Like so many of James' songs, "Done Somebody Wrong" has been covered by plenty of blues and rock artists through the decades. The Allman Brothers Band, Charlie Musselwhite, Tom Petty and others have honored Elmore's legacy with their versions. Jones' recording was made for Strange Angels, an all-star outing honoring the bluesman's 100th birthday that is, remarkably, the first real Elmore James tribute album ever assembled. The proceeds will benefit MusicCares and Edible Schoolyard NYC. And even alongside such contributors as Keb' Mo', Bettye LaVette, Rodney Crowell and Shelby Lynne, the Welsh wailer stands out mightily.
Though he made his name in the '60s and '70s as a belter of classy pop tunes, Jones has spent recent decades exploding people's preconceptions and underscoring his ability to transcend era and genre. Over the years he's laid into everything from New Jack Swing to gospel with that force-of-nature voice, and in the 2010s, he's entered into the kind of realm Johnny Cash inhabited during his Rick-Rubin-era comeback, bringing an outsized lifetime's worth of gravitas to bear on everything he touches.

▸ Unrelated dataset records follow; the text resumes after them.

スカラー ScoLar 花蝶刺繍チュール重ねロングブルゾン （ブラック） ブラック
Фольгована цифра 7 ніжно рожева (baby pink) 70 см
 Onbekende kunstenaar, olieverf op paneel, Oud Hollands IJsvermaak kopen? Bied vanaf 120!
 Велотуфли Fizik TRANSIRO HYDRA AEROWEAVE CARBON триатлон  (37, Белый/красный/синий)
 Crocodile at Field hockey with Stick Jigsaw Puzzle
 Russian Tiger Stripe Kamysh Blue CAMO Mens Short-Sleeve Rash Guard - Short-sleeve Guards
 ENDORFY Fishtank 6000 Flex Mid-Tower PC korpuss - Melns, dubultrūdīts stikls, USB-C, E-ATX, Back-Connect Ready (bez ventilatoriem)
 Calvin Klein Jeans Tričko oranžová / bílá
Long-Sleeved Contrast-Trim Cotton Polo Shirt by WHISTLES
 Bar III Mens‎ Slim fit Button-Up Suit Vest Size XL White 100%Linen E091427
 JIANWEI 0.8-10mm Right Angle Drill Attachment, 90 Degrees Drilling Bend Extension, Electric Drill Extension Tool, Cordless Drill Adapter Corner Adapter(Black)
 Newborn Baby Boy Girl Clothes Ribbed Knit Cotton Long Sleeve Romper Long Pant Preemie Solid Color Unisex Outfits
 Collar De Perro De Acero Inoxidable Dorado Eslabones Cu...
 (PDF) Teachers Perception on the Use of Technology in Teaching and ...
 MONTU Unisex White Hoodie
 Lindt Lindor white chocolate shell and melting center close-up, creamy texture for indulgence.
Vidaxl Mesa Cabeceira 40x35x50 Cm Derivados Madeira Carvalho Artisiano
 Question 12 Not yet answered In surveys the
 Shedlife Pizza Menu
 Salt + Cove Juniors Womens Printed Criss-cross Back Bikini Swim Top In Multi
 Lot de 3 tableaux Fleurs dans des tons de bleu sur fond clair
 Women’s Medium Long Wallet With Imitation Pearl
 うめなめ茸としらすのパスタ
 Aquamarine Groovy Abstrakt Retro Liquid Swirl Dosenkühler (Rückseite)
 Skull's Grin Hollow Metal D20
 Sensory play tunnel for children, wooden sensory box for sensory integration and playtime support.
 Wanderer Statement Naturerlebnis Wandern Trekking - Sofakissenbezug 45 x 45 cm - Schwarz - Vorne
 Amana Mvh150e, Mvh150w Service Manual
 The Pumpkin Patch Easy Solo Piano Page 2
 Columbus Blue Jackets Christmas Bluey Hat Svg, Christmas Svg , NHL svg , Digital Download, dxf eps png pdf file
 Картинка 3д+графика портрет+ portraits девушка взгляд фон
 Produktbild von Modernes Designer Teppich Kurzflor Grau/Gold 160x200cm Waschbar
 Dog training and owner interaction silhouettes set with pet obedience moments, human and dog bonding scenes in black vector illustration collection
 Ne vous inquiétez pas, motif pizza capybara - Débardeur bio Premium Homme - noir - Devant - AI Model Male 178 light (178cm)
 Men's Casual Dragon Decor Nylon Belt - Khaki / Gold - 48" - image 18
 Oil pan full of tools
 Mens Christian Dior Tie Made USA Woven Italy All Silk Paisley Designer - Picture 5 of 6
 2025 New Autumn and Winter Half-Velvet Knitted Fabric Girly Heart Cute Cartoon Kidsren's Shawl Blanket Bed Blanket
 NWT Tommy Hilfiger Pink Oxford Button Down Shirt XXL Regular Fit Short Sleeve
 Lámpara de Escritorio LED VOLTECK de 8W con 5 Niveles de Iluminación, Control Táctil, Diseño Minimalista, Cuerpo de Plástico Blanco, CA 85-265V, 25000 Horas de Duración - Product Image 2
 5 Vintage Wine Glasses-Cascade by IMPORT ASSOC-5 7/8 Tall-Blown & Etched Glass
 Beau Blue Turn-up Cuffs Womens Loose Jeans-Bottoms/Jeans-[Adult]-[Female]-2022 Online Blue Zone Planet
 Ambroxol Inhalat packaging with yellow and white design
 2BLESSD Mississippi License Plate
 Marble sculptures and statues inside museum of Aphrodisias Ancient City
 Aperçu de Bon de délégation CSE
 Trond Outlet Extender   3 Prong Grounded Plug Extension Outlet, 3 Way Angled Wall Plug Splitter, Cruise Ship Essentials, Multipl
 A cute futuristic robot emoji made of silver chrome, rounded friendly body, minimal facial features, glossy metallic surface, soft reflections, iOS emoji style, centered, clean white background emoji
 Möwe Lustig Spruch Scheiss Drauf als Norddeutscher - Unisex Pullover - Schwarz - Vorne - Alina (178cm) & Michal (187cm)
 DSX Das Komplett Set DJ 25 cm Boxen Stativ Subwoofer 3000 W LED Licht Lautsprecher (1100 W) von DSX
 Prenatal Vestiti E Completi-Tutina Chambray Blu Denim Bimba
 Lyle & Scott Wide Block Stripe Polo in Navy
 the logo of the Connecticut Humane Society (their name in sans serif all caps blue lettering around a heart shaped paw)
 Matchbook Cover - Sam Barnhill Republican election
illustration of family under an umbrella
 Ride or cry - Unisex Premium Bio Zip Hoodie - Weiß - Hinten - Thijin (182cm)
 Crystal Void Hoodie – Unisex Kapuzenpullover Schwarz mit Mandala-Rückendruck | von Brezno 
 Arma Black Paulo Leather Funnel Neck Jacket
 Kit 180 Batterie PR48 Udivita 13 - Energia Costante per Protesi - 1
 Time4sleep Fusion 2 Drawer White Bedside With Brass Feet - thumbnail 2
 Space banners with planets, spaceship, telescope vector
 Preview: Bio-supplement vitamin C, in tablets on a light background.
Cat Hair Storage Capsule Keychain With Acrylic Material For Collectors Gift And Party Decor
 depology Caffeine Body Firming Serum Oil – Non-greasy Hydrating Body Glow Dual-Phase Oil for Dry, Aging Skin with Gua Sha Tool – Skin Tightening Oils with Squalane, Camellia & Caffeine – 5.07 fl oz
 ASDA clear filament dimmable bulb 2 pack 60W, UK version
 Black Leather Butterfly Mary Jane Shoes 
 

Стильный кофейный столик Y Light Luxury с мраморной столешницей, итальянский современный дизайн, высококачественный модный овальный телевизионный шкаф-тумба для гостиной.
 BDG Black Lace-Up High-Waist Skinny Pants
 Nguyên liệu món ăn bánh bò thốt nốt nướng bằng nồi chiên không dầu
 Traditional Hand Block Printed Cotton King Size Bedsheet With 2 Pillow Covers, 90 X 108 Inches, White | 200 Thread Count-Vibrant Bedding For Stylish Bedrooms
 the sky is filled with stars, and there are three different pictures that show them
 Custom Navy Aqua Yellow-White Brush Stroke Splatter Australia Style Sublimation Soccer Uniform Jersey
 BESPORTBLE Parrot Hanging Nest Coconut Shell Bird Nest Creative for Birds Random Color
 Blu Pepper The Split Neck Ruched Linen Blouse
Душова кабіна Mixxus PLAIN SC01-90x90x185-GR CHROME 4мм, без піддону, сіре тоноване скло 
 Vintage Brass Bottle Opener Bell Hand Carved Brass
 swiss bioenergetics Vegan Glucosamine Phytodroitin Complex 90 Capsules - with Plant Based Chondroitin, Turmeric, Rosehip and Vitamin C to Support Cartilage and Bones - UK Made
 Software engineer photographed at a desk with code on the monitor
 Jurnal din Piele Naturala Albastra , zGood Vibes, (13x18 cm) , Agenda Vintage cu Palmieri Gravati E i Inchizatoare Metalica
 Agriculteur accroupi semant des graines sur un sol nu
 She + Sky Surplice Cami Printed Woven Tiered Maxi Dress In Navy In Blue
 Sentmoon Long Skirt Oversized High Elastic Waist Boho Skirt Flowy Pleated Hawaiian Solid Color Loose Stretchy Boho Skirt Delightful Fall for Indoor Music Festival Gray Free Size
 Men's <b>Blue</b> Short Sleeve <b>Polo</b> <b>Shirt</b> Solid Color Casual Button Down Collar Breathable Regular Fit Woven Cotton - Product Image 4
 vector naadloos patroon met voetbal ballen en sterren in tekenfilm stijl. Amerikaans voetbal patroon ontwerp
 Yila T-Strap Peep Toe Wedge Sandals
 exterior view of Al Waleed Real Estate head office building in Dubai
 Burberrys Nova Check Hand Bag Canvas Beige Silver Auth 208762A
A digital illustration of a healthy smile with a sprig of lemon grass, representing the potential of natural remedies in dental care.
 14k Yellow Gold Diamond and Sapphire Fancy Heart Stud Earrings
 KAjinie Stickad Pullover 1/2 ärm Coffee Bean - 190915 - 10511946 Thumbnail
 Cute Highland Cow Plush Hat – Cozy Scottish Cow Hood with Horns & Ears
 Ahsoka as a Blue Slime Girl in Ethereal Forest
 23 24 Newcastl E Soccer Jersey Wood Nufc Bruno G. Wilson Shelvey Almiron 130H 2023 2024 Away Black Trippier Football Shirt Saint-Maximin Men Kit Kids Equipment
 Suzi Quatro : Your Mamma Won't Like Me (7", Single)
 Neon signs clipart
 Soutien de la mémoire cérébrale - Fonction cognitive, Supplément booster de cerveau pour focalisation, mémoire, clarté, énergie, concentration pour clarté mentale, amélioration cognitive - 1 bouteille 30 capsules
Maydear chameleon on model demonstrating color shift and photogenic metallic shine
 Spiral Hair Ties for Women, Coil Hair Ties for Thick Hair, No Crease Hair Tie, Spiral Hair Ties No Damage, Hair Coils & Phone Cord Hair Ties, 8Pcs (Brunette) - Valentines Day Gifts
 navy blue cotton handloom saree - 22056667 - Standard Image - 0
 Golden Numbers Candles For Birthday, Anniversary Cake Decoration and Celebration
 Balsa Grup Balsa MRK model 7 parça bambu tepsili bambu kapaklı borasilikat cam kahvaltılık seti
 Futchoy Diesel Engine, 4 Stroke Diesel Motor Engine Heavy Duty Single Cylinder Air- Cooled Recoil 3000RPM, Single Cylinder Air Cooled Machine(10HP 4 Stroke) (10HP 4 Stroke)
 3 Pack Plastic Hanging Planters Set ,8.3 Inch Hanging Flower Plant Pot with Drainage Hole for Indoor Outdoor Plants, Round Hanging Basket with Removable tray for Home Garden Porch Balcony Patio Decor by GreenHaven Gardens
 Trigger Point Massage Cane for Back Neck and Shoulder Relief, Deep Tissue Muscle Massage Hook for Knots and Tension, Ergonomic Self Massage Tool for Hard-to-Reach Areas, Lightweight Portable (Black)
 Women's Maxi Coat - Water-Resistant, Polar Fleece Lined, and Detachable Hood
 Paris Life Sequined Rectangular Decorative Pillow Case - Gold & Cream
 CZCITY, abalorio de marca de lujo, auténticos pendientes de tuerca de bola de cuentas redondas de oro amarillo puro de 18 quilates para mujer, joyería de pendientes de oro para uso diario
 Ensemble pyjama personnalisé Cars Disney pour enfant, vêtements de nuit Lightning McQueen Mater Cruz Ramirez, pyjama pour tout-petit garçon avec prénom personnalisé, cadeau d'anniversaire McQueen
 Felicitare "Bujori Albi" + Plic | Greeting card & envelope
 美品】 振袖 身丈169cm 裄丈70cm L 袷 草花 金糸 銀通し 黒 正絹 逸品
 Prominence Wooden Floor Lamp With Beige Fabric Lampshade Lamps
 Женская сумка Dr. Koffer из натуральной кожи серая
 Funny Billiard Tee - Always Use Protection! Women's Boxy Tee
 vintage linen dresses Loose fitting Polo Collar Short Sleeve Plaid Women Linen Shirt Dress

That's the kind of bat Jones is swinging with when he leans into "Done Somebody Wrong." And the 77-year-old singer packs enough power for somebody a third of his age. While you can feel every one of those years in the authority he wields so naturally, they never seem to weigh on him or detract a single scintilla from his vocal power or emotional energy.
"Done Somebody Wrong" doesn't mince words in its evocation of a man forced to face the consequences of fooling around on his woman. Even in 1960 it was far from an original blues theme, but as ever, the intensity of James' vocal and guitar made it immediately unforgettable (the aforementioned groove didn't hurt either). And Jones brings enough grit to the table to make the 57-year-old tune resonate anew.
He spends the bulk of the song bemoaning his situation, owning up to his guilt and hungering for a way out of the whole mess. The dirty, bristling guitar work of Larry Taylor (who's also the bassist on the track) and Rick Holmstrom maintains the tension, never overtly aping James' signature style but offering enough deep, bluesy bite to stand favorably in his looming shadow.
After the last blast of six-string flurries, just when you think Jones' regrets are about to overtake him, he shifts swiftly and seamlessly from the role of lonesome loser to that of the irredeemable cad. Just before the end of the song, he suddenly declares, "The devil made me do it," and lets out a louche chuckle. We come away with the feeling that we've been just as bamboozled as the lady in question. Jones has sold us his remorse with complete conviction before pulling the rug out from under us at the last minute, offering every indication that he will not only emerge unscarred by this experience, but that he's entirely likely to perpetrate the same sins again somewhere down the line.
Strange Angels: In Flight With Elmore James is out Jan. 26 and available for pre-order Dec. 15 via Sylvan Songs Records.